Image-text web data
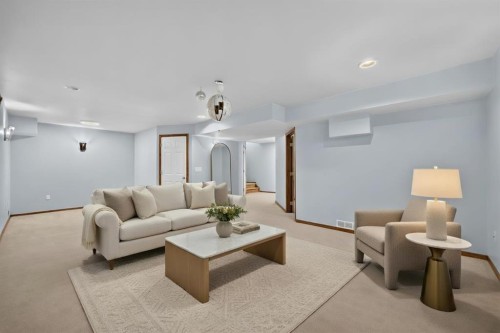 446 Harvest Hills Drive Ne, Calgary, AB - Indoor Photo Showing Living Room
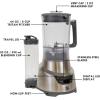 imageKenmore Elite Countertop Blender  Electric Mixer Milkshake Puree Maker Frozen Smoothie Shakes Licuadora Grinder Kitchen Appliance With SingleServe Cup Ice Crush Pulse Chop ampamp Stir FunctionGrey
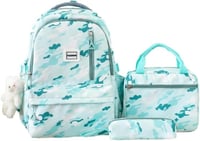 طقم شنط مدرسية 3 في 1 – شنطة ظهر + حافظة طعام + مق...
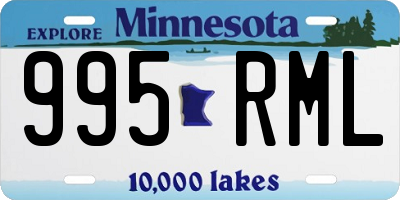 MN license plate 995RML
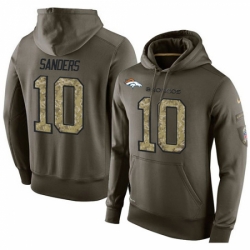 NFL Nike Denver Broncos 10 Emmanuel Sanders Green Salute To Service Mens Pullover Hoodie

HOW TO COMPLETE THIS TASK:
After dropping the pictures, reproduce exactly the lines from the first line of the entries through the line containing "MN license plate 995RML", both included.

ANSWER TO THIS TASK:
 446 Harvest Hills Drive Ne, Calgary, AB - Indoor Photo Showing Living Room
 imageKenmore Elite Countertop Blender  Electric Mixer Milkshake Puree Maker Frozen Smoothie Shakes Licuadora Grinder Kitchen Appliance With SingleServe Cup Ice Crush Pulse Chop ampamp Stir FunctionGrey
 طقم شنط مدرسية 3 في 1 – شنطة ظهر + حافظة طعام + مق...
 MN license plate 995RML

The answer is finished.